One or more of a post’s text fields also frequently contain auto-generated annotations such as “Senator Smith posted 2 photos,” “Senator Smith updated their status” or “Senator Smith was live.” In some cases, posts are composed entirely of such annotations, such as when a politician adds a photo to an album without providing a caption.
While examining a sample of posts that had been collected from both the original Graph API as well as the CrowdTangle API, researchers noticed that the presence and/or location of these annotations sometimes varied between the original version of the post and the new CrowdTangle version (e.g., text in the “story” and “caption” field were swapped). Some CrowdTangle posts also appeared to contain more auto-generated annotations than versions obtained via the Graph API.

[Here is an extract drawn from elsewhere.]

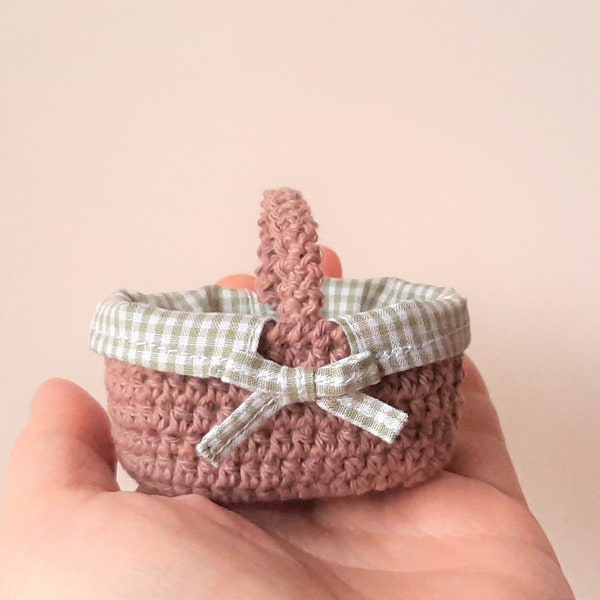 Miniature Crochet Basket with Liner, Basket with Handle, Dollhouse Basket , Doll Basket , Gift for Her , Blythe Basket , Barbie Basket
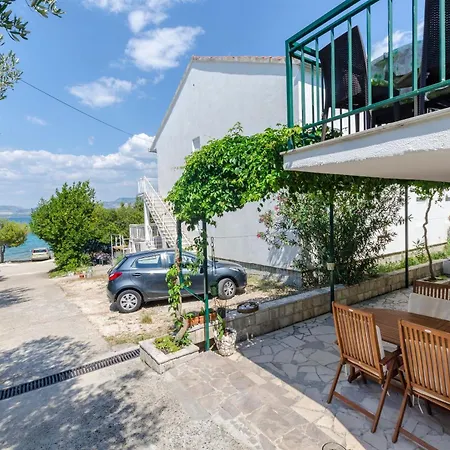 Jurica Apartmán *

Normally, researchers could address these discrepancies by simply choosing to preserve the newer CrowdTangle version of each post, accepting that the post’s text content might shuffle or expand slightly. However, researchers had previously observed the presence of duplicate posts from the original API, and suspected that duplicates were also likely to be present in new CrowdTangle posts – especially among those that had been collected using both methods. Because some of the techniques used to identify potential duplicates rely on comparisons between the text of different posts and the differences in auto-generated annotations were making these comparisons difficult, researchers had to determine a way to remove the annotations prior to deduplication.
Researchers iteratively drew samples of posts using every post category (i.e. photos, status updates, etc.) and every combination of null and non-null text values across all five text fields, and developed a series of regular expressions to capture every observed annotation. This was repeated until no more annotation patterns could be found. Researchers then applied the 13 resulting patterns to remove annotations across the entire database.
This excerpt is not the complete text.